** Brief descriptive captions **
==*==

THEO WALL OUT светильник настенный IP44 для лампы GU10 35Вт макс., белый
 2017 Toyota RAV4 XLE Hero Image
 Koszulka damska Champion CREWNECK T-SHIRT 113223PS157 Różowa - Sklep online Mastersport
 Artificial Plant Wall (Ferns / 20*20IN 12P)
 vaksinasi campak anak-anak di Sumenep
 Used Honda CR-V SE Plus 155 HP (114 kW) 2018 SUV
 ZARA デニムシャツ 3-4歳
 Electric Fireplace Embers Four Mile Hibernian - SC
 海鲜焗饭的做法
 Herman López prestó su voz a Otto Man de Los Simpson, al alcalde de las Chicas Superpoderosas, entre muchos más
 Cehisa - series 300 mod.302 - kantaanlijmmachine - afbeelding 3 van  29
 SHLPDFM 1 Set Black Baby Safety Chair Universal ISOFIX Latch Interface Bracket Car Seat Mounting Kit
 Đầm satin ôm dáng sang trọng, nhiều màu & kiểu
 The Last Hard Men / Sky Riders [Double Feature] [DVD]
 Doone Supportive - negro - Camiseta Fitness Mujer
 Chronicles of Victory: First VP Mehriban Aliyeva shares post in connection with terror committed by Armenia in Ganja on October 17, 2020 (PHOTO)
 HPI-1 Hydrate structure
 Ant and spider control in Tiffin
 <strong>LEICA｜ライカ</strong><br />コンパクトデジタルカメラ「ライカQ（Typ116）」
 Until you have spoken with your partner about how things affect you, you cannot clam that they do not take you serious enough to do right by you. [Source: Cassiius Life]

==*==

** What is being asked **
Could you restate word for word the lines above, from the one that contains "vaksinasi campak anak-anak di Sumenep" through the one that contains "Cehisa - series", and no others?

** Worked solution **
 vaksinasi campak anak-anak di Sumenep
 Used Honda CR-V SE Plus 155 HP (114 kW) 2018 SUV
 ZARA デニムシャツ 3-4歳
 Electric Fireplace Embers Four Mile Hibernian - SC
 海鲜焗饭的做法
 Herman López prestó su voz a Otto Man de Los Simpson, al alcalde de las Chicas Superpoderosas, entre muchos más
 Cehisa - series 300 mod.302 - kantaanlijmmachine - afbeelding 3 van  29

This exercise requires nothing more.